- YOUR INSTRUCTIONS -
Reproduce exactly, leaving out pictures, each line from the one holding "In this video" through the final line of the listing, and add nothing.
╭──
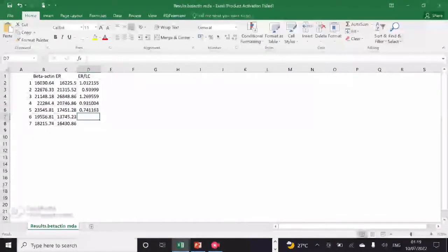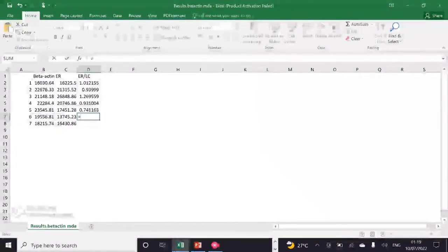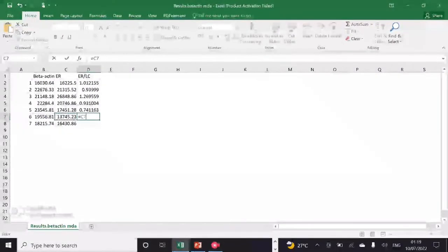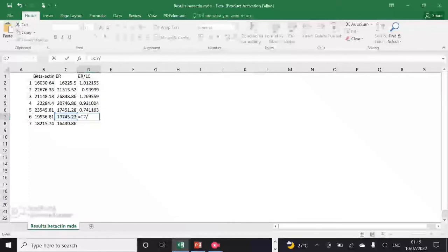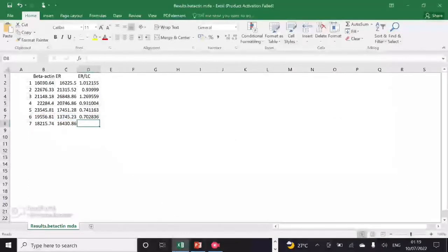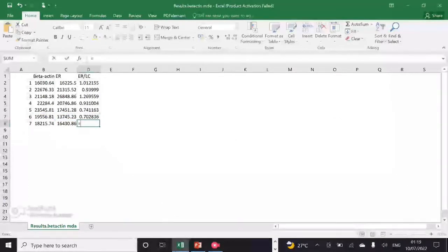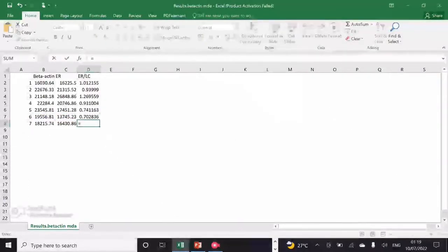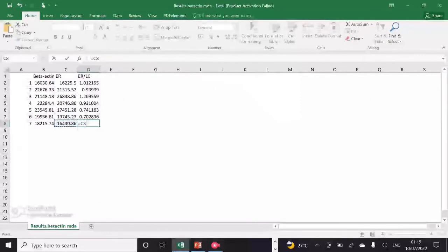For this, I will start dividing my protein of interest values with the loading control values. As you can see, I am dividing ER protein values with the loading control one by one.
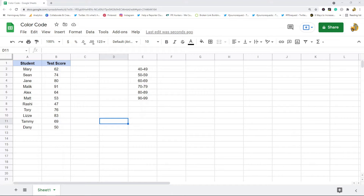In this video I'm going to show you how to create a color code in Google Sheets that will automatically change cell color based on values. To do this we're going to use conditional formatting. Conditional formatting is useful because you can create rules that affect certain cells.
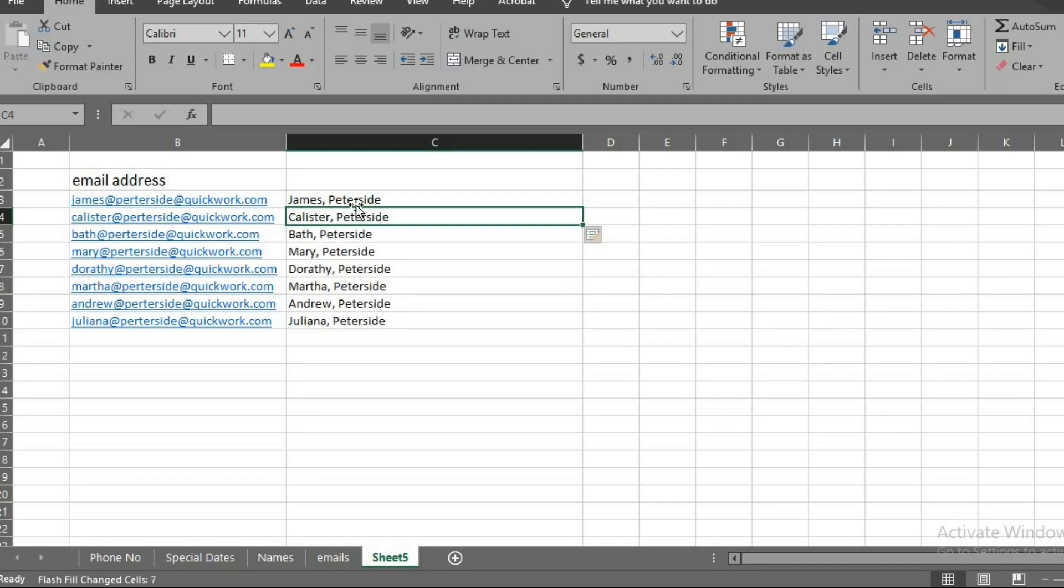All these worked because Excel followed the pattern I used when I typed in the first cells. When you type a pattern for Excel to follow, you can easily use Ctrl E to quicken your work instead of using formulas.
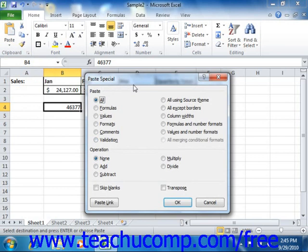Now when you invoke the Paste Special dialog box, you have several options as to what elements of the copied cells you wish to paste. So let's just take a moment to examine the options that are available when you're using the Paste Special dialog box.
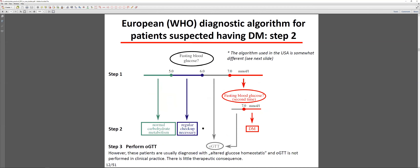In the fasting blood glucose test, less than 5 mmol/L is normal. Over 7 mmol/L suggests diabetes, and if confirmed on a repeat test one week later, diabetes is diagnosed. Between 5 and 7 mmol/L there are intermediate categories. Between 5 and 6 mmol/L, the risk is slightly elevated and patients should be checked yearly.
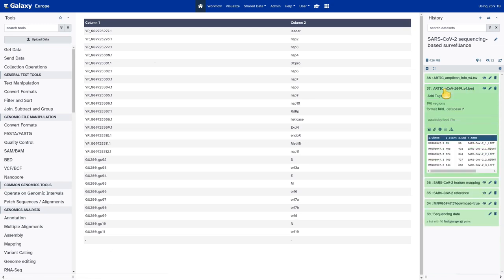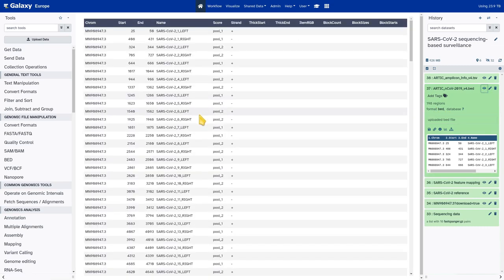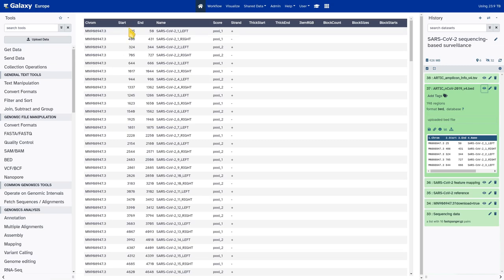I've also uploaded the primer information in BED format — it's important that this dataset format is set to BED. Looking inside, this dataset describes the different primers used in the ARTIC V4 primer set for the tiled amplicon amplification. It lists one primer per line, where it binds with respect to the SARS-CoV-2 reference sequence, the name of the primer, which amplicon pool that primer belongs to in the fifth column, and in the sixth column the strand on the reference genome that this primer is supposed to bind on.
╰──
- WRITTEN SOLUTION -
In this video I'm going to show you how to create a color code in Google Sheets that will automatically change cell color based on values. To do this we're going to use conditional formatting. Conditional formatting is useful because you can create rules that affect certain cells.
All these worked because Excel followed the pattern I used when I typed in the first cells. When you type a pattern for Excel to follow, you can easily use Ctrl E to quicken your work instead of using formulas.
Now when you invoke the Paste Special dialog box, you have several options as to what elements of the copied cells you wish to paste. So let's just take a moment to examine the options that are available when you're using the Paste Special dialog box.
In the fasting blood glucose test, less than 5 mmol/L is normal. Over 7 mmol/L suggests diabetes, and if confirmed on a repeat test one week later, diabetes is diagnosed. Between 5 and 7 mmol/L there are intermediate categories. Between 5 and 6 mmol/L, the risk is slightly elevated and patients should be checked yearly.
I've also uploaded the primer information in BED format — it's important that this dataset format is set to BED. Looking inside, this dataset describes the different primers used in the ARTIC V4 primer set for the tiled amplicon amplification. It lists one primer per line, where it binds with respect to the SARS-CoV-2 reference sequence, the name of the primer, which amplicon pool that primer belongs to in the fifth column, and in the sixth column the strand on the reference genome that this primer is supposed to bind on.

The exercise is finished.